■ **What the exercise asks**
The listing is to be returned word for word, without its images.

■ **Entries provided**
--------------------

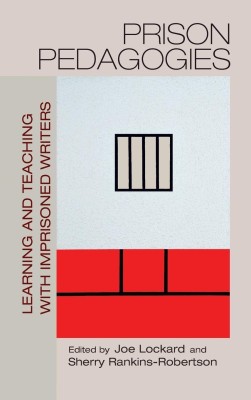 Prison Pedagogies(English, Hardcover, unknown)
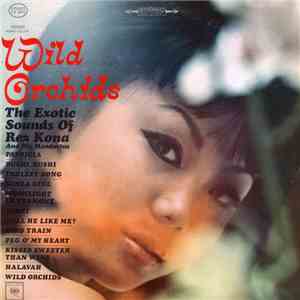 Rex Kona And His Mandarins - Wild Orchids - The Exotic Sounds Of Rex Kona And His Mandarins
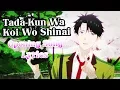 Download Lagu Tada Never Falls in Love OP Song Lyrics (Tada-kun wa Koi wo Shinai) Otomodachi Film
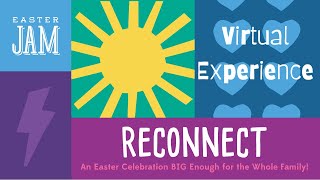 Easter Jam Virtual Experience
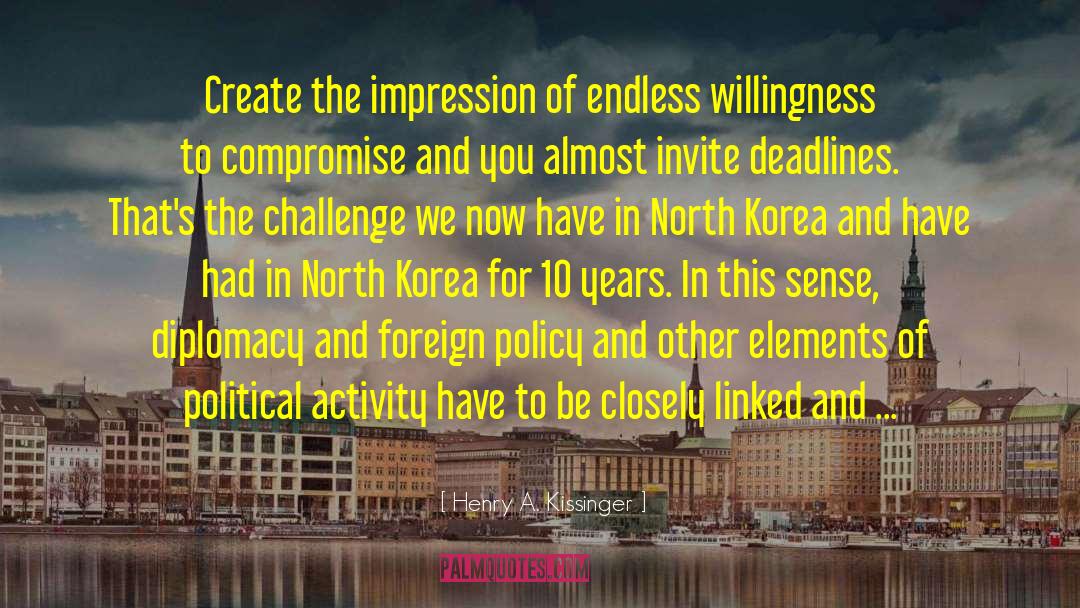 Hiddink In Korea quotes by Henry A. Kissinger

--------------------

■ **Answer box**
 Prison Pedagogies(English, Hardcover, unknown)
 Rex Kona And His Mandarins - Wild Orchids - The Exotic Sounds Of Rex Kona And His Mandarins
 Download Lagu Tada Never Falls in Love OP Song Lyrics (Tada-kun wa Koi wo Shinai) Otomodachi Film
 Easter Jam Virtual Experience
 Hiddink In Korea quotes by Henry A. Kissinger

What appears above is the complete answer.